Data provided:
----

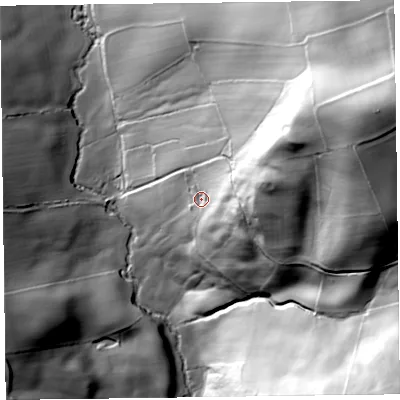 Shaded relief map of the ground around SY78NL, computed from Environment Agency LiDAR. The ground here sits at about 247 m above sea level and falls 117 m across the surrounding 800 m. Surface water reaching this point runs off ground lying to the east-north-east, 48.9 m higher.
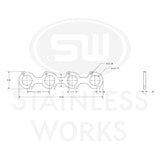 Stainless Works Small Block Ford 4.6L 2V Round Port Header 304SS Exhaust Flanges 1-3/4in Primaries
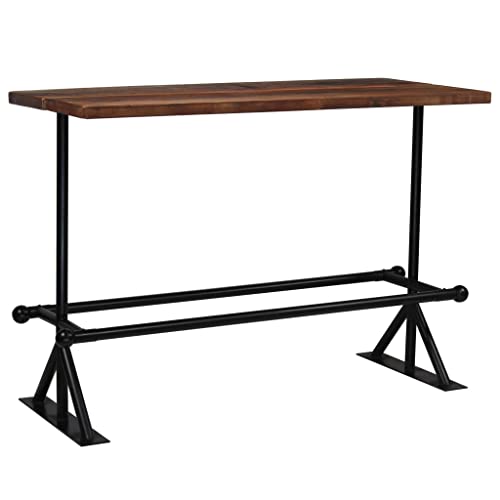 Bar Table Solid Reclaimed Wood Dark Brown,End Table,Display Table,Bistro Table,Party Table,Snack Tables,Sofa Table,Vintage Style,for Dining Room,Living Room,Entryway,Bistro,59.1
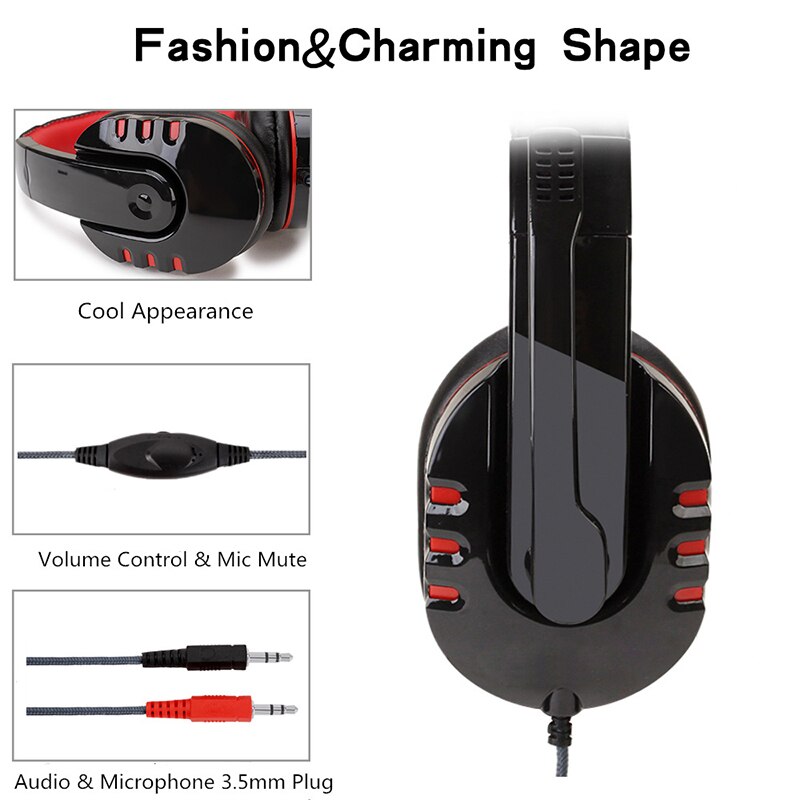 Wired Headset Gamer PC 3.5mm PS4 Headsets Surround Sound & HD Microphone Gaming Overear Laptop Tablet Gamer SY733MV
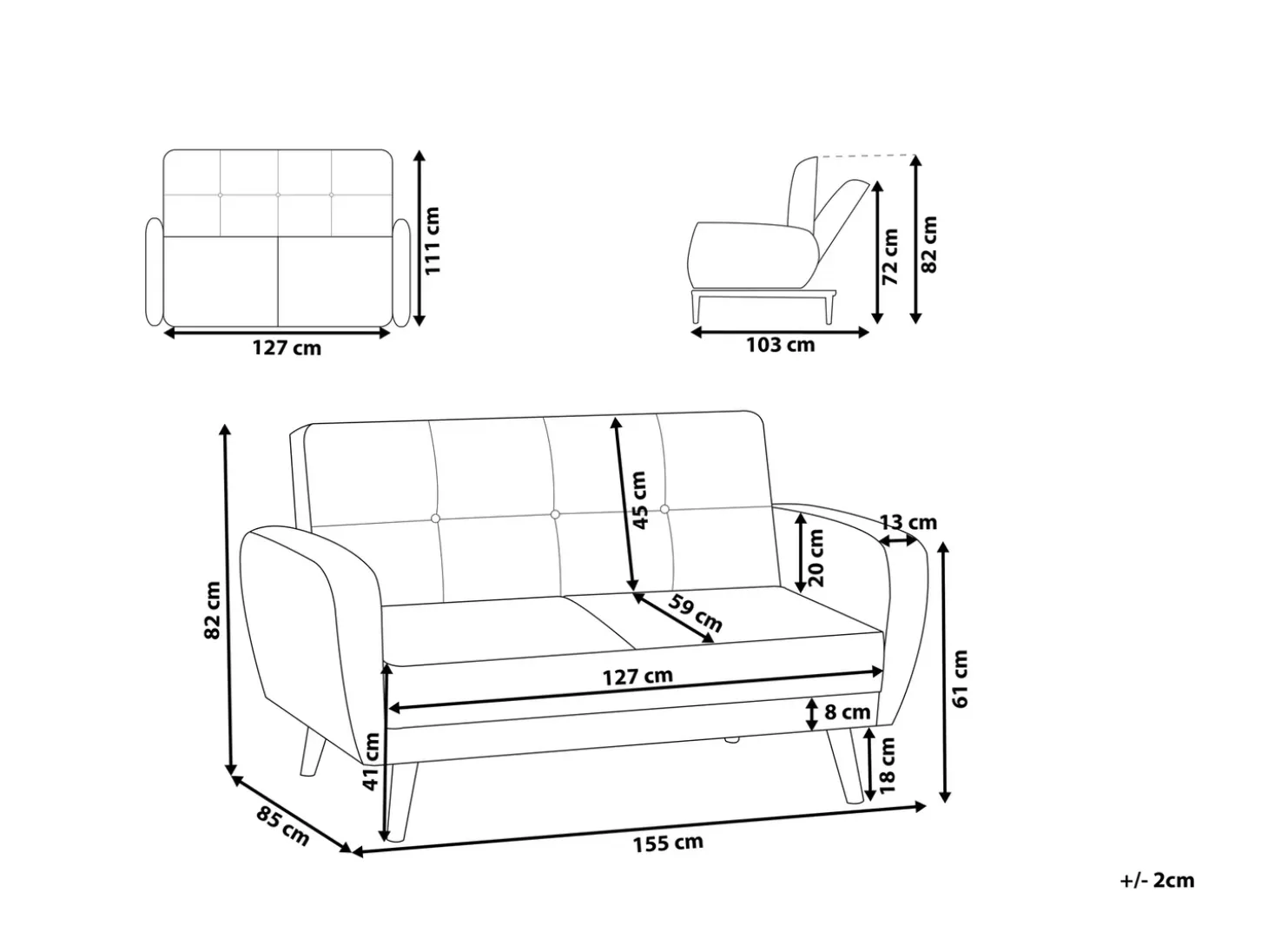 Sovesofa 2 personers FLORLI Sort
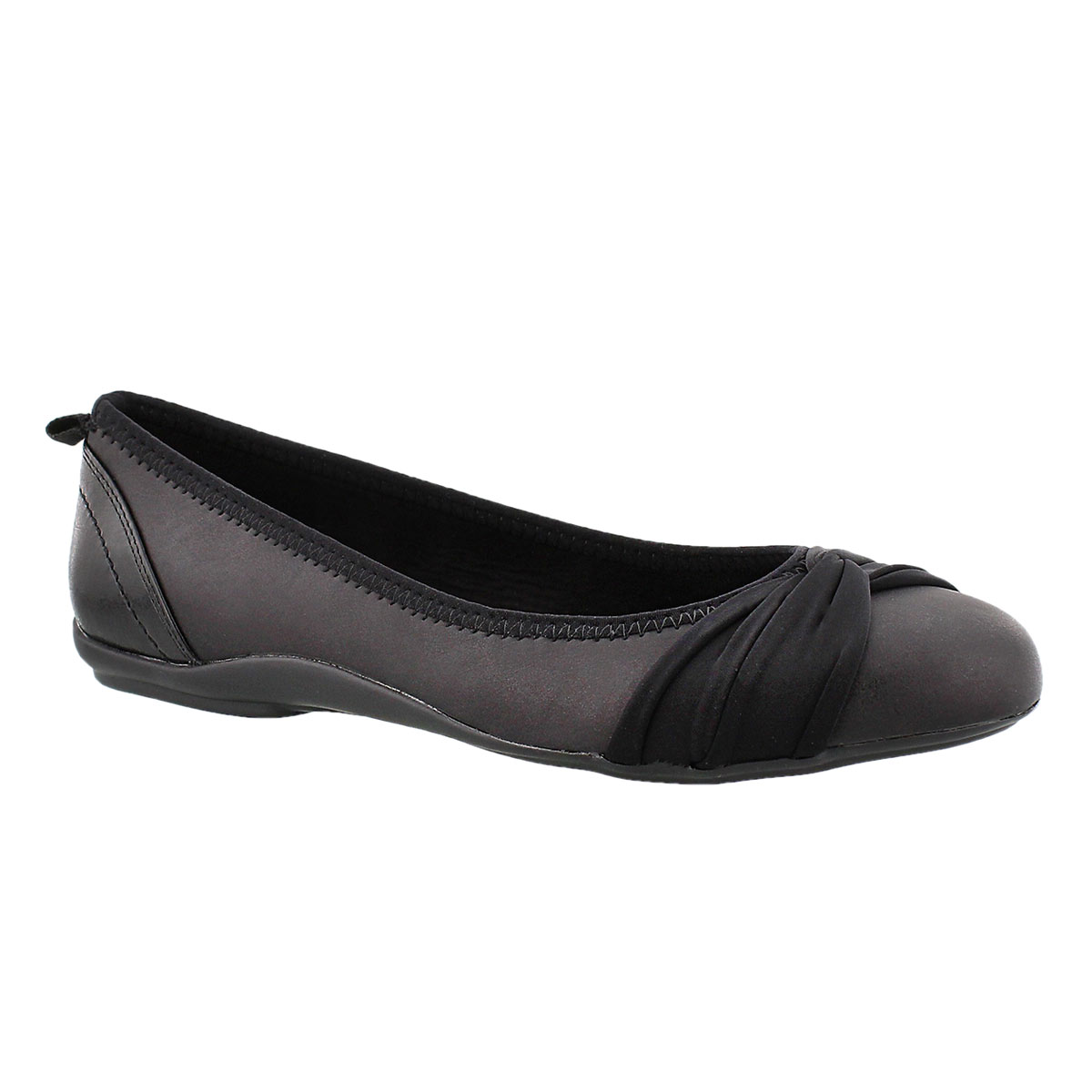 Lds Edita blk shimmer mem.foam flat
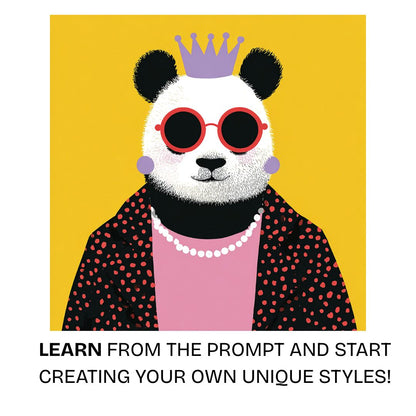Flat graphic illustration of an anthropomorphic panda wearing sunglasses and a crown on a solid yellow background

----

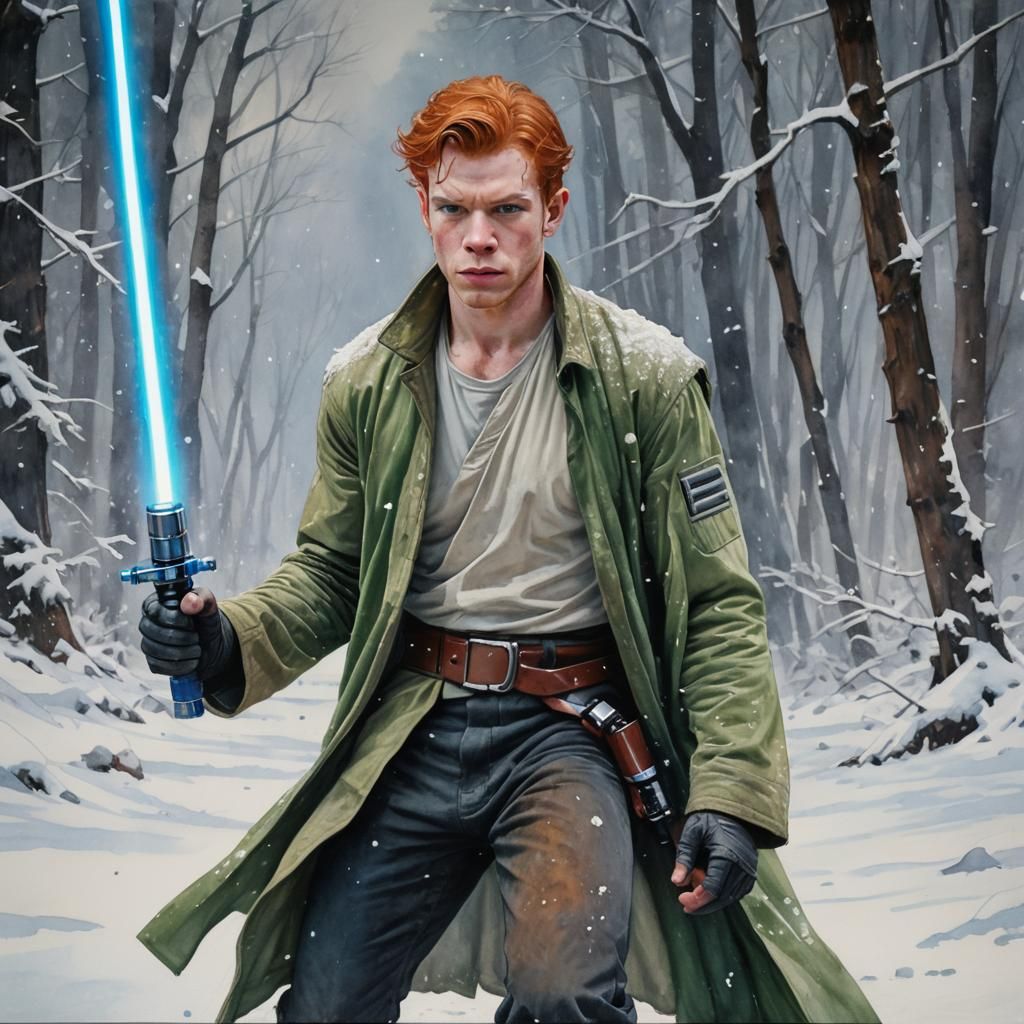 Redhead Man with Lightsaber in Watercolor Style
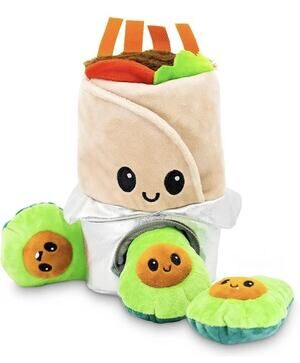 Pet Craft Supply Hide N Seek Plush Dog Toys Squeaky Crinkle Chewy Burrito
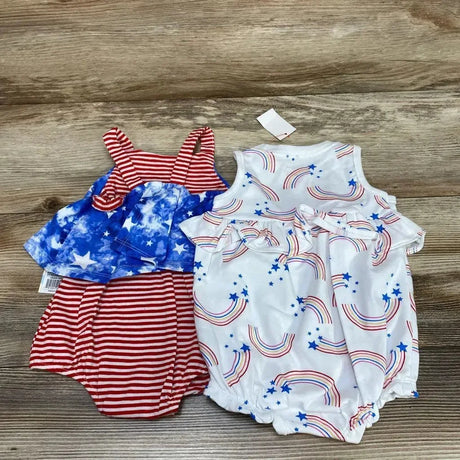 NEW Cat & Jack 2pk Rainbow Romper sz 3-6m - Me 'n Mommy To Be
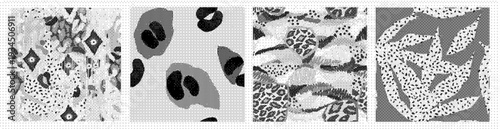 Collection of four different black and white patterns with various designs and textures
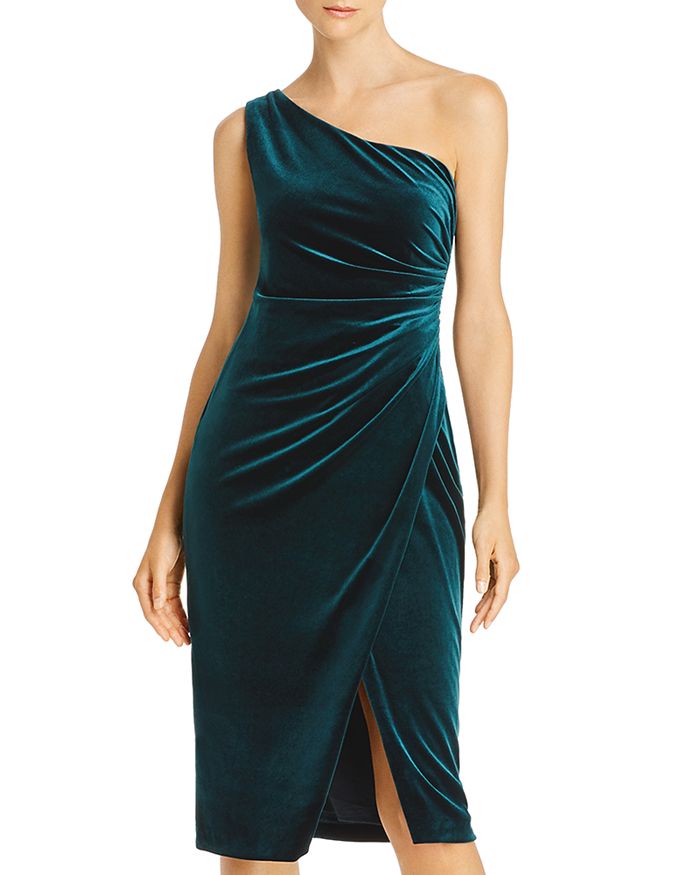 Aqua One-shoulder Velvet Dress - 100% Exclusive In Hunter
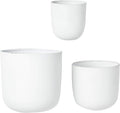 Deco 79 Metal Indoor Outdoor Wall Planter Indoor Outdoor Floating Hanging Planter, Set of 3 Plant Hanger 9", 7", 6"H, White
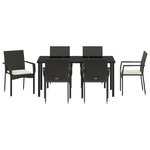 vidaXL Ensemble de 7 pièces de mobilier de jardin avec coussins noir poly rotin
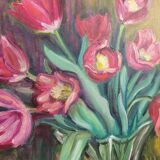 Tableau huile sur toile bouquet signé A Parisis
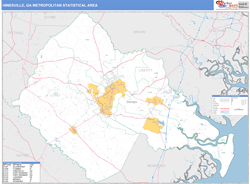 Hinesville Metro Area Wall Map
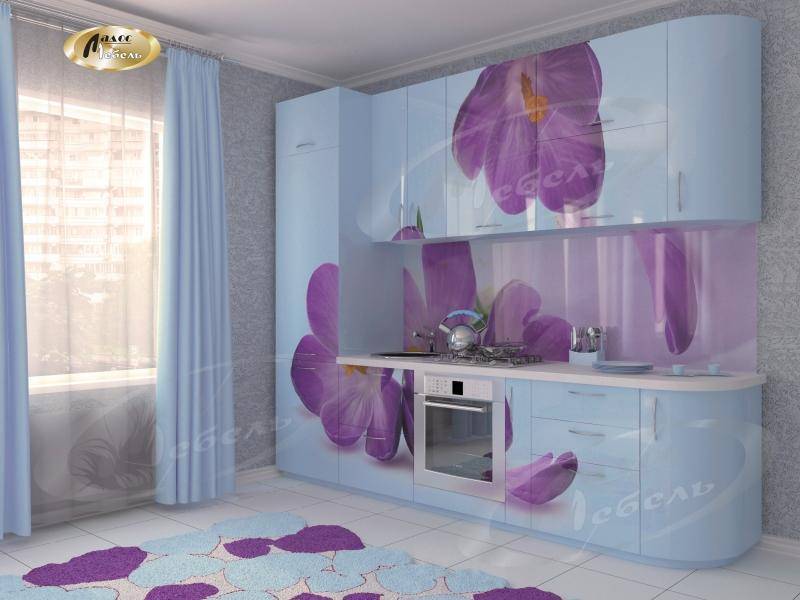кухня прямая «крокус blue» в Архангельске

----

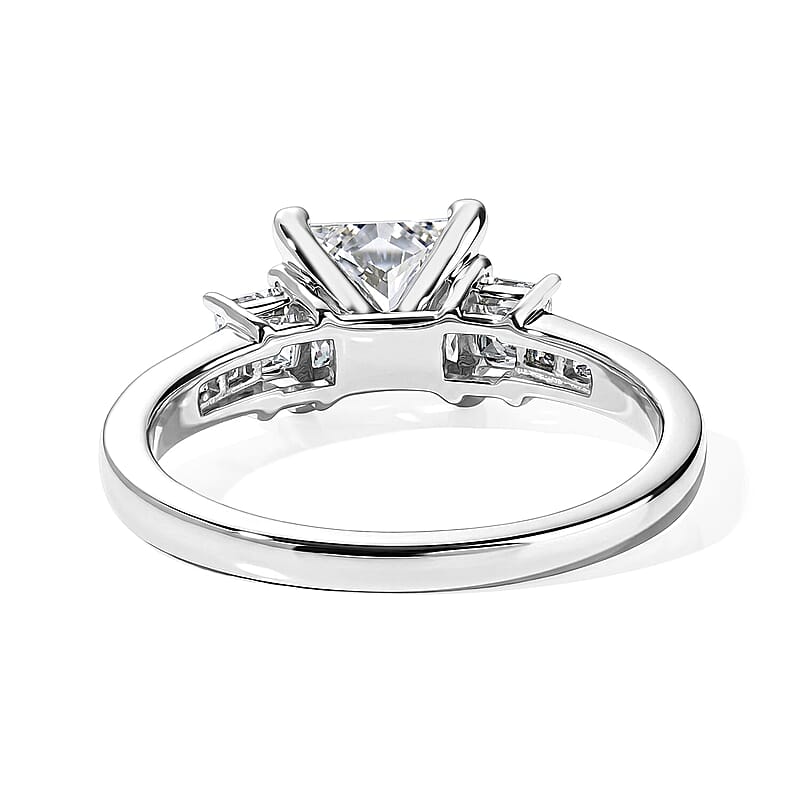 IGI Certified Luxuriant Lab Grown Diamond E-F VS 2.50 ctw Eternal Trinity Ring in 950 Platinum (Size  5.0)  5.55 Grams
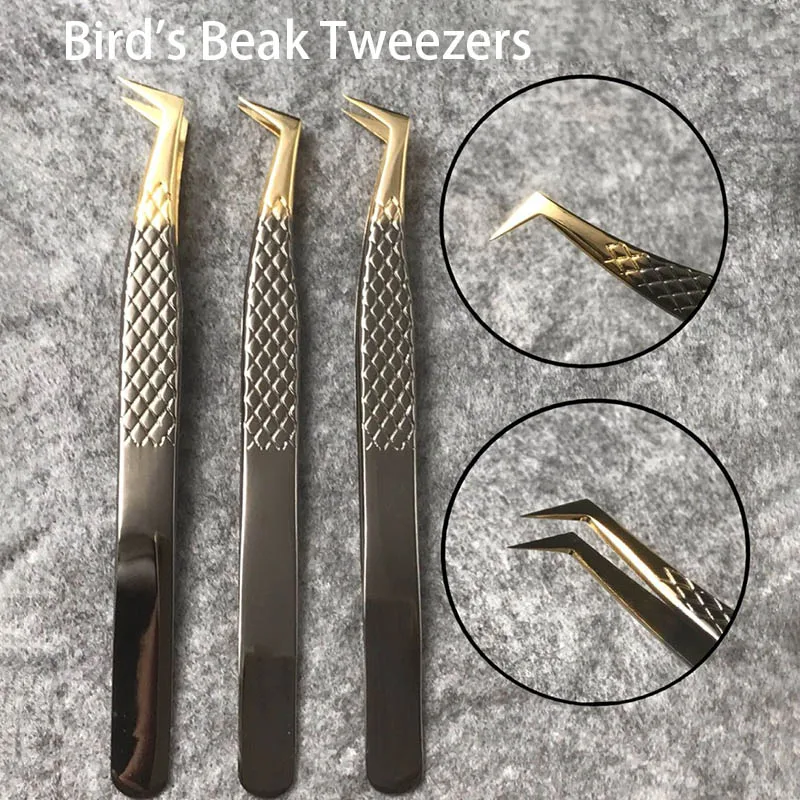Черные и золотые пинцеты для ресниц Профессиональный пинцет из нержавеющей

----

Work to be completed: Look through the material above. Transcribe exactly the lines between the ones with "Bar Table Solid" and "Flat graphic illustration", inclusive, and keep pictures out.

Written response:
 Bar Table Solid Reclaimed Wood Dark Brown,End Table,Display Table,Bistro Table,Party Table,Snack Tables,Sofa Table,Vintage Style,for Dining Room,Living Room,Entryway,Bistro,59.1
 Wired Headset Gamer PC 3.5mm PS4 Headsets Surround Sound & HD Microphone Gaming Overear Laptop Tablet Gamer SY733MV
 Sovesofa 2 personers FLORLI Sort
 Lds Edita blk shimmer mem.foam flat
Flat graphic illustration of an anthropomorphic panda wearing sunglasses and a crown on a solid yellow background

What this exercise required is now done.